* _Work instruction_
Write out nothing except the lines of the entries below, from the first through the one containing "Obraz - Gałązki drzew iglastych (70x50 cm)", exactly and without pictures.

(Caption-style text data)
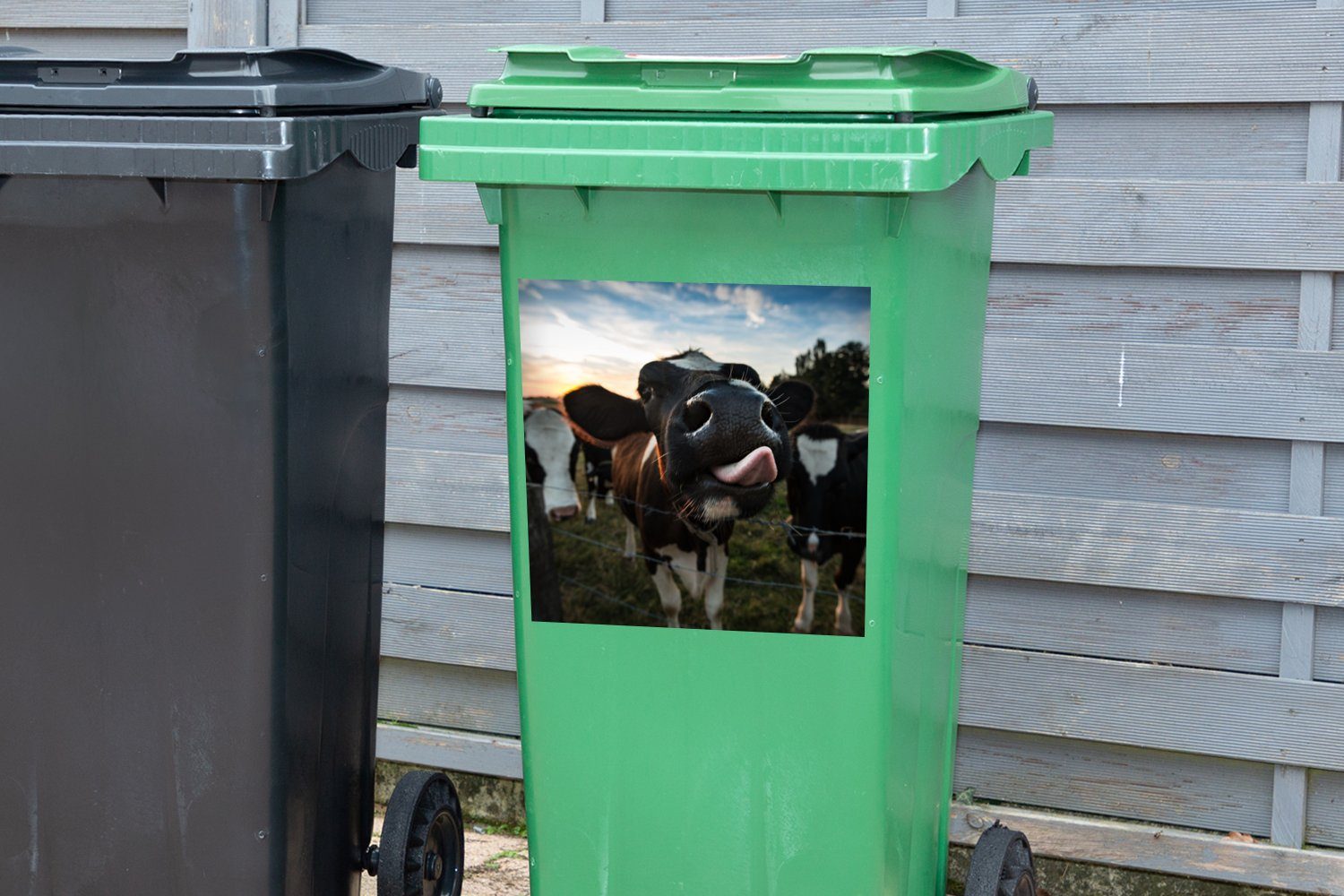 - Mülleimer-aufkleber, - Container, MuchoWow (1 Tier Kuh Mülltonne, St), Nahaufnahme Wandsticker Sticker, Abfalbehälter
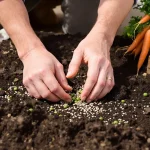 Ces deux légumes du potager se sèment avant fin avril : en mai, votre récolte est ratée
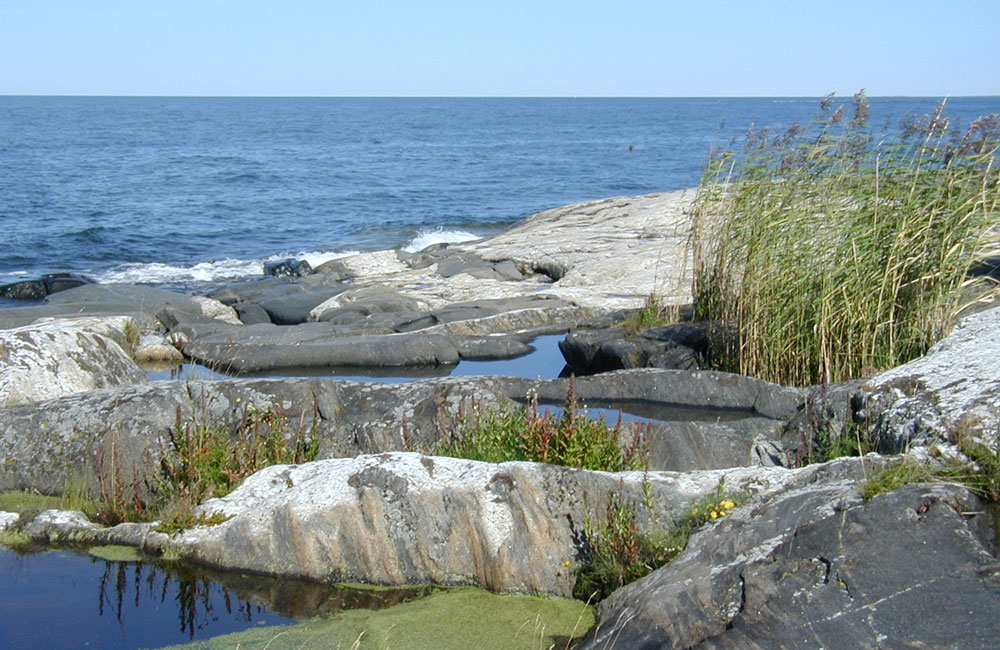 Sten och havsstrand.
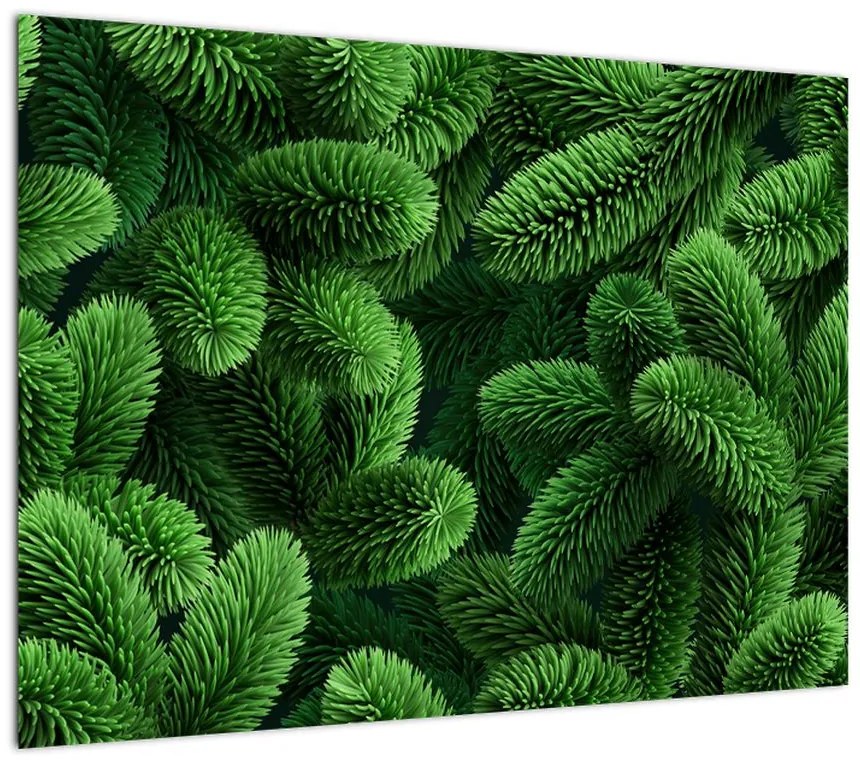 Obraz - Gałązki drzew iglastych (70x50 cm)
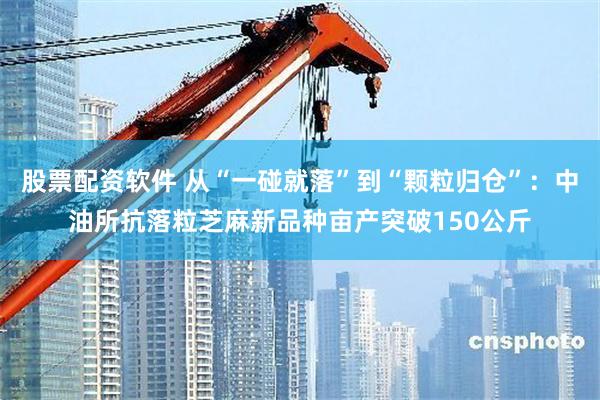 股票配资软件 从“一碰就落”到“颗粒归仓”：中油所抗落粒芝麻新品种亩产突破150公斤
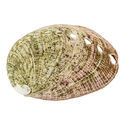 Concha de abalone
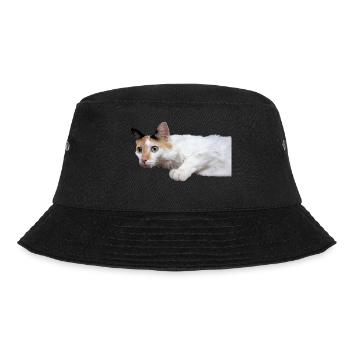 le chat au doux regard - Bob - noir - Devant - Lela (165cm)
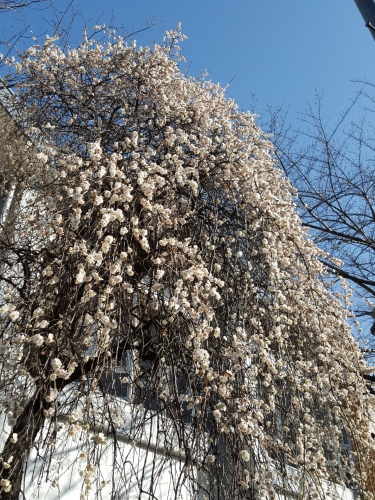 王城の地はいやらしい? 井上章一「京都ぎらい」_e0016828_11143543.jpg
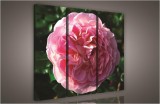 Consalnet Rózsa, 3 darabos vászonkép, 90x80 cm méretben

* _Answer box_
 - Mülleimer-aufkleber, - Container, MuchoWow (1 Tier Kuh Mülltonne, St), Nahaufnahme Wandsticker Sticker, Abfalbehälter
 Ces deux légumes du potager se sèment avant fin avril : en mai, votre récolte est ratée
 Sten och havsstrand.
 Obraz - Gałązki drzew iglastych (70x50 cm)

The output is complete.